Repeat, exactly and alone, every line from the line that contains "Bald Eagle Merica" to the end of the entries.

*** Opening MATERIAL FOR THIS TASK ***

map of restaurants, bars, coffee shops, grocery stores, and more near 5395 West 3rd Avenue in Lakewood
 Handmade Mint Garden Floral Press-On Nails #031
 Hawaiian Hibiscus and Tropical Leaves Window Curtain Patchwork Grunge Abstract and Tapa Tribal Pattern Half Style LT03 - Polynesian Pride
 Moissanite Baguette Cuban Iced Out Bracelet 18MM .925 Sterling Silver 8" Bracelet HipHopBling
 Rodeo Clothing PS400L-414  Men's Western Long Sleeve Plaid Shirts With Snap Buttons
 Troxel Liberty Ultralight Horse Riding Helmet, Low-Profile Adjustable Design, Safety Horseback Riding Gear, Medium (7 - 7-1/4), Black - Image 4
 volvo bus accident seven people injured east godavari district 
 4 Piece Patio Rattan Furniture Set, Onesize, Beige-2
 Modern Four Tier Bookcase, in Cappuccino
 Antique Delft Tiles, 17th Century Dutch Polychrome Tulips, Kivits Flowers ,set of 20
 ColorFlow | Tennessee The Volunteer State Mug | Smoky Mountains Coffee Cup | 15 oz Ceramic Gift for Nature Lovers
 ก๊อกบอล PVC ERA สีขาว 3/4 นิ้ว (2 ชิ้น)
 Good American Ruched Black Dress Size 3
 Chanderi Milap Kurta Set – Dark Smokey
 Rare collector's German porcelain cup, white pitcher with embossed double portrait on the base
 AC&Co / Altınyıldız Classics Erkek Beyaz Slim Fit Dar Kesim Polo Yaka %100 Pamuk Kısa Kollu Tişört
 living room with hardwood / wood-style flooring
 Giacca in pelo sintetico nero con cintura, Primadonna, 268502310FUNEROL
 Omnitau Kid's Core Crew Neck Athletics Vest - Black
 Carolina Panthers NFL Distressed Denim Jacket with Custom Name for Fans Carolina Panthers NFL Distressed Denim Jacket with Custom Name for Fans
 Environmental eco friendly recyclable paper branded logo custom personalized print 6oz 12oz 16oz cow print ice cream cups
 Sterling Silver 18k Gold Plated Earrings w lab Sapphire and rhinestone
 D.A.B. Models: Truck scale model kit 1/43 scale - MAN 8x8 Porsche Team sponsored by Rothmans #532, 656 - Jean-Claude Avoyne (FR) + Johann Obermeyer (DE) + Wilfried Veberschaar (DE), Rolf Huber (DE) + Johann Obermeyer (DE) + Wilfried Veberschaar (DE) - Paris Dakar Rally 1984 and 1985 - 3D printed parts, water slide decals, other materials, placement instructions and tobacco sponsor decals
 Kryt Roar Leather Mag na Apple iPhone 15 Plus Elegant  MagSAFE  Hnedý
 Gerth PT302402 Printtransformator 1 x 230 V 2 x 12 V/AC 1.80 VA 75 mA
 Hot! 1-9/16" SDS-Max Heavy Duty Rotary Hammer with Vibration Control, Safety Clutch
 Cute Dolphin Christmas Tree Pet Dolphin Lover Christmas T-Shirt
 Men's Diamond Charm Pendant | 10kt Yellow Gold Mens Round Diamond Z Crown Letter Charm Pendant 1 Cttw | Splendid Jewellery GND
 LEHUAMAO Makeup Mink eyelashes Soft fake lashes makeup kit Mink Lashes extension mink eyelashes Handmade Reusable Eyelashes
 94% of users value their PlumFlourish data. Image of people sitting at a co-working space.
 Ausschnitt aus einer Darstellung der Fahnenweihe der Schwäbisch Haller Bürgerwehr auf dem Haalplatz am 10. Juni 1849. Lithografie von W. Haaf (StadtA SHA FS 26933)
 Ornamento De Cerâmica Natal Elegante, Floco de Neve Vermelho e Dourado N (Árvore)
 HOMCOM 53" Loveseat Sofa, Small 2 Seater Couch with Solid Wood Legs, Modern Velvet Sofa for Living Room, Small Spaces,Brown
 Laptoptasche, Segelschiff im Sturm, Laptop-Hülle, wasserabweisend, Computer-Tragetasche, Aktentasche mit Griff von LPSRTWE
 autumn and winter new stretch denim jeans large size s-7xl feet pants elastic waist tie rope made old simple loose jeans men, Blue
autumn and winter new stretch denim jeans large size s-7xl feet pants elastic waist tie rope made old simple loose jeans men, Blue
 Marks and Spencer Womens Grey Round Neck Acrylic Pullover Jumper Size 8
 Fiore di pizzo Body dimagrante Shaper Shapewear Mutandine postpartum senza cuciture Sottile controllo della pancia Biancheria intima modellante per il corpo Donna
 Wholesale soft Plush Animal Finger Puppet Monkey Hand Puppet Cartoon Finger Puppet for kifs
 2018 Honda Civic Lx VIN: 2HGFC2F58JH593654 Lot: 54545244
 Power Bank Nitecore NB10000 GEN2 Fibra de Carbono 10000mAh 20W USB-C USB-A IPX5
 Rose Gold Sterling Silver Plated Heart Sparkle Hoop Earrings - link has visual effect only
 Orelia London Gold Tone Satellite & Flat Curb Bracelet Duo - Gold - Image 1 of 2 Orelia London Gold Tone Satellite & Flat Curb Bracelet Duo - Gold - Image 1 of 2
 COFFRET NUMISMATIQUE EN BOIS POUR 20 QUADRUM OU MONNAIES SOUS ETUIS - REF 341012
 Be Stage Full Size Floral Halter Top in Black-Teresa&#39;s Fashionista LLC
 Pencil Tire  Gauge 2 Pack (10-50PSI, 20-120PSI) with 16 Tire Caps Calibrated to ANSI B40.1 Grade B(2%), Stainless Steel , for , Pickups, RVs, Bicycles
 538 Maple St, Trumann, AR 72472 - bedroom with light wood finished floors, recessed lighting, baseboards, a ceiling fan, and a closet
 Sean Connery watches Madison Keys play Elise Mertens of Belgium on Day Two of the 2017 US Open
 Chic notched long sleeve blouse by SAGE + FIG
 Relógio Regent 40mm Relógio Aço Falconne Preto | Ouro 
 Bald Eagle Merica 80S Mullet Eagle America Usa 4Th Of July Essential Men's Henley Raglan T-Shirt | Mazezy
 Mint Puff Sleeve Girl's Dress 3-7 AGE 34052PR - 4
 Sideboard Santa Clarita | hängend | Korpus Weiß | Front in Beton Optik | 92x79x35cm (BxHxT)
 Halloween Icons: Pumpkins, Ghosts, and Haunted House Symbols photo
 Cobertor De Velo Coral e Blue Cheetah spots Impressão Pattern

*** Closing MATERIAL FOR THIS TASK ***

## [RESPONSE BELOW]
 Bald Eagle Merica 80S Mullet Eagle America Usa 4Th Of July Essential Men's Henley Raglan T-Shirt | Mazezy
 Mint Puff Sleeve Girl's Dress 3-7 AGE 34052PR - 4
 Sideboard Santa Clarita | hängend | Korpus Weiß | Front in Beton Optik | 92x79x35cm (BxHxT)
 Halloween Icons: Pumpkins, Ghosts, and Haunted House Symbols photo
 Cobertor De Velo Coral e Blue Cheetah spots Impressão Pattern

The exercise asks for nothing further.